In this notebook, let us see how we can represent text using pre-trained word embedding models, as well as train our own word and document embedding models.

# 1. Using a pre-trained word2vec model

Let us take an example of a pre-trained word2vec model, and how we can use it to look for most similar words. We will use the Google News vectors.
https://drive.google.com/file/d/0B7XkCwpI5KDYNlNUTTlSS21pQmM

A few other pre-trained word embedding models, and details on the means to access them through gensim can be found in:
https://github.com/RaRe-Technologies/gensim-data

In [1]:
!apt-get install -y -qq software-properties-common python-software-properties module-init-tools
!add-apt-repository -y ppa:alessandro-strada/ppa 2>&1 > /dev/null
!apt-get update -qq 2>&1 > /dev/null
!apt-get -y install -qq google-drive-ocamlfuse fuse
from google.colab import auth
auth.authenticate_user()
from oauth2client.client import GoogleCredentials
creds = GoogleCredentials.get_application_default()
import getpass
!google-drive-ocamlfuse -headless -id={creds.client_id} -secret={creds.client_secret} < /dev/null 2>&1 | grep URL
vcode = getpass.getpass()
!echo {vcode} | google-drive-ocamlfuse -headless -id={creds.client_id} -secret={creds.client_secret}
!mkdir -p drive
!google-drive-ocamlfuse drive

E: Package 'python-software-properties' has no installation candidate
Selecting previously unselected package google-drive-ocamlfuse.
(Reading database ... 131183 files and directories currently installed.)
Preparing to unpack .../google-drive-ocamlfuse_0.7.13-0ubuntu1~ubuntu18.04.1_amd64.deb ...
Unpacking google-drive-ocamlfuse (0.7.13-0ubuntu1~ubuntu18.04.1) ...
Setting up google-drive-ocamlfuse (0.7.13-0ubuntu1~ubuntu18.04.1) ...
Processing triggers for man-db (2.8.3-2ubuntu0.1) ...
Please, open the following URL in a web browser: https://accounts.google.com/o/oauth2/auth?client_id=32555940559.apps.googleusercontent.com&redirect_uri=urn%3Aietf%3Awg%3Aoauth%3A2.0%3Aoob&scope=https%3A%2F%2Fwww.googleapis.com%2Fauth%2Fdrive&response_type=code&access_type=offline&approval_prompt=force
··········
Please, open the following URL in a web browser: https://accounts.google.com/o/oauth2/auth?client_id=32555940559.apps.googleusercontent.com&redirect_uri=urn%3Aietf%3Awg%3Aoauth%3A2.0%3Aoob&scope

In [0]:
from gensim.models import Word2Vec, KeyedVectors
pretrainedpath = "/content/drive/NLP_book/Datasets/practicalnlp-master/Ch2/GoogleNews-vectors-negative300.bin"
#Load W2V model. This will take some time, but it is a one time effort! 
%time w2v_model = KeyedVectors.load_word2vec_format(pretrainedpath, binary=True)
print('done loading Word2Vec')
print(len(w2v_model.vocab)) #Number of words in the vocabulary. 

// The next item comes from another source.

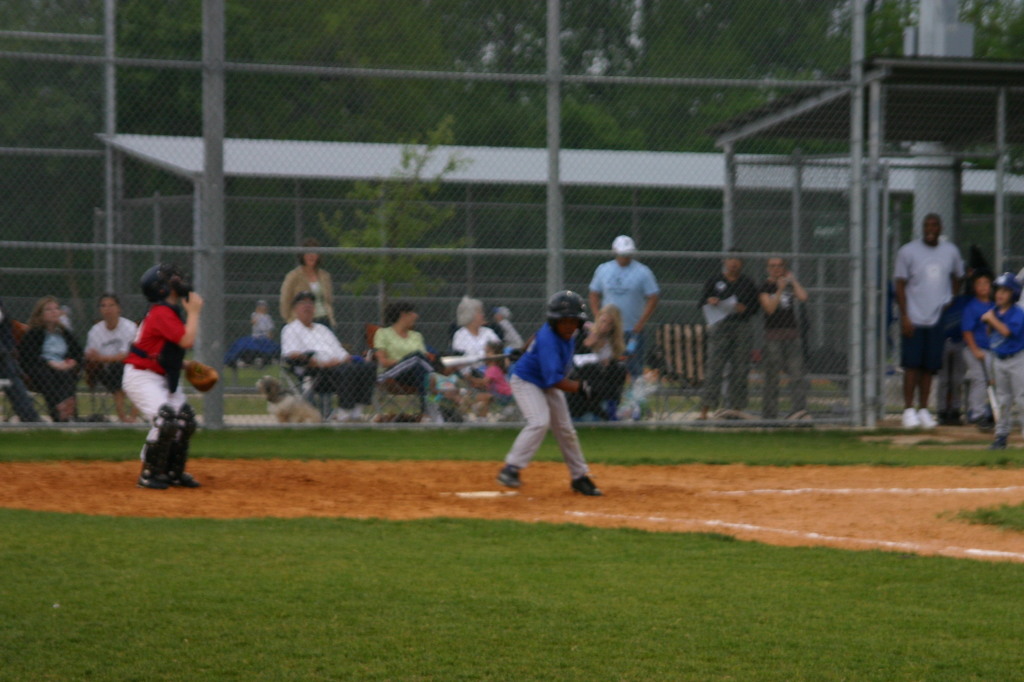 2007/04(April)/Leopards-Baseball-04-23/1024x768_2007-04-23-Leopards-vs-Reds-005-Evan.JPG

  'See the migration notes for details: %s' % _MIGRATION_NOTES_URL


In [0]:
#Let us examine the model by knowing what the most similar words are, for a given word!
w2v_model.most_similar('beautiful')

In [0]:
#Let us try with another word! 
w2v_model.most_similar('toronto')

In [0]:
#What is the vector representation for a word? 
w2v_model['computer']

In [0]:
#What if I am looking for a word that is not in this vocabulary?
w2v_model['practicalnlp']

Two things to note while using pre-trained models: Tokens/Words are always lowercased. If a word is not in the vocabulary, the model throws an exception. So, it is always a good idea to encapsulate those statements in try/except blocks.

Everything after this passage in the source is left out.